INFORMATION SHOWN:

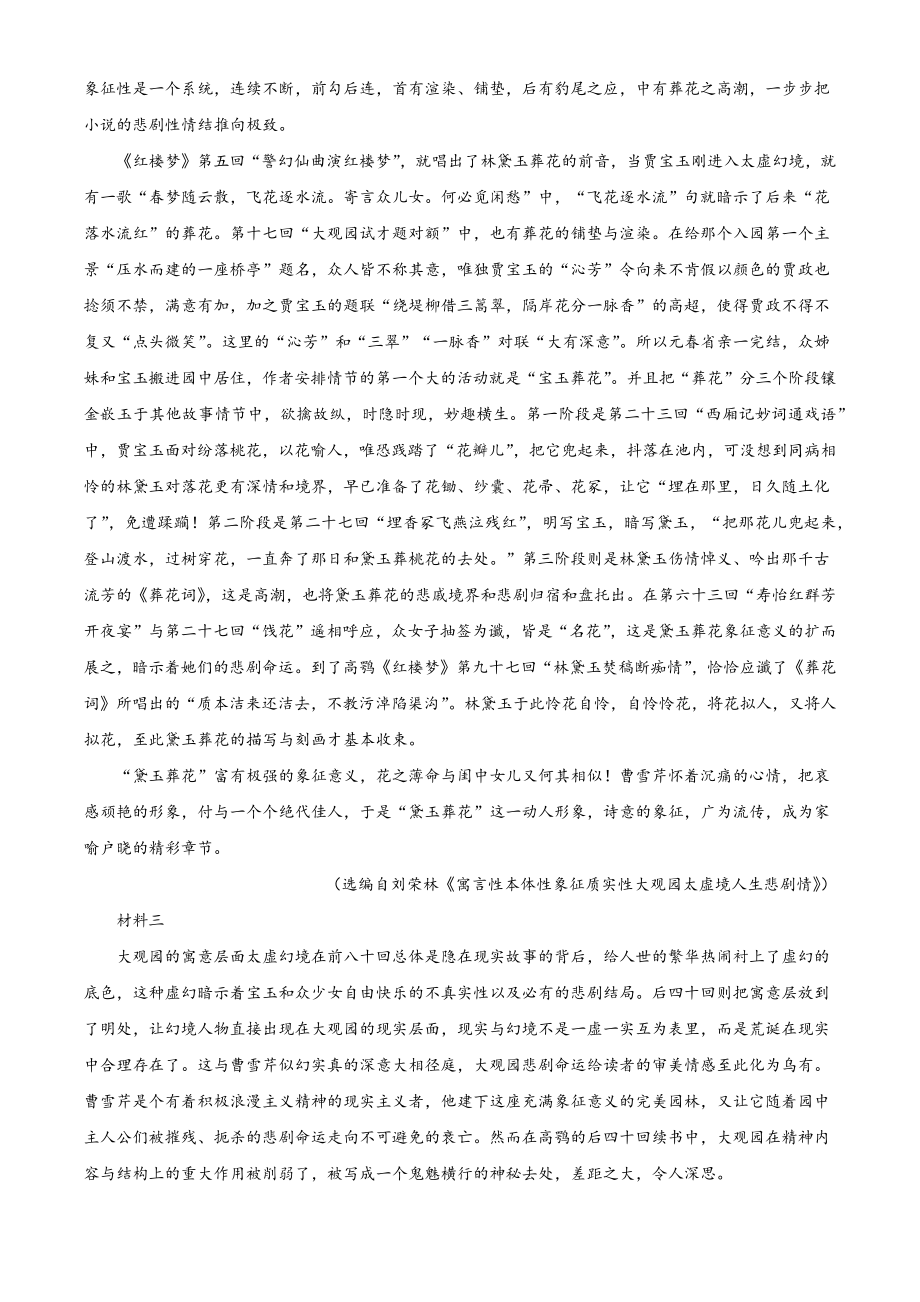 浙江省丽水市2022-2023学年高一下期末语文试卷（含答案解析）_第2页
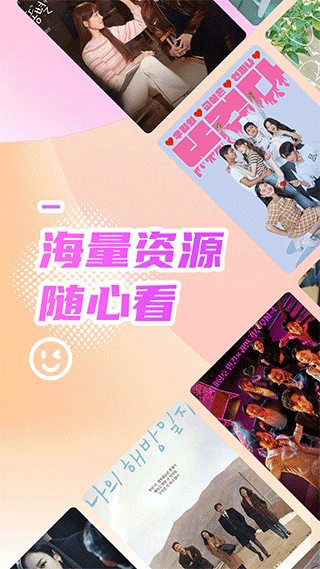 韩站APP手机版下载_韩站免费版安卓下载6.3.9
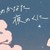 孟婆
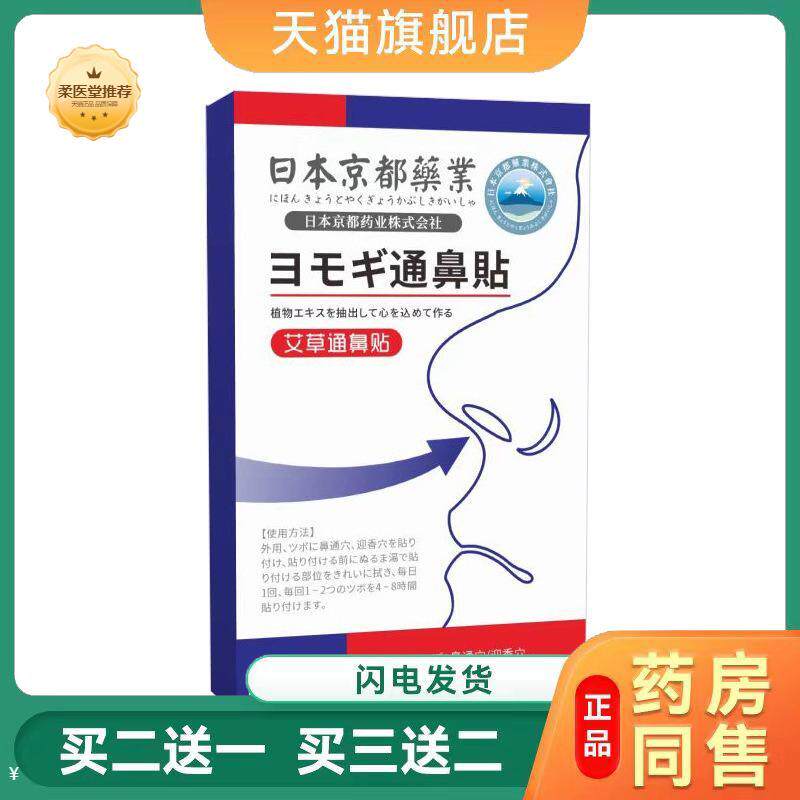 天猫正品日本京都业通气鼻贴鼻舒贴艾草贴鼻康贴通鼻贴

TASK:
Once the pictures are set aside, the remaining data must be transcribed exactly.

RESULT:
 浙江省丽水市2022-2023学年高一下期末语文试卷（含答案解析）_第2页
 韩站APP手机版下载_韩站免费版安卓下载6.3.9
 孟婆
 天猫正品日本京都业通气鼻贴鼻舒贴艾草贴鼻康贴通鼻贴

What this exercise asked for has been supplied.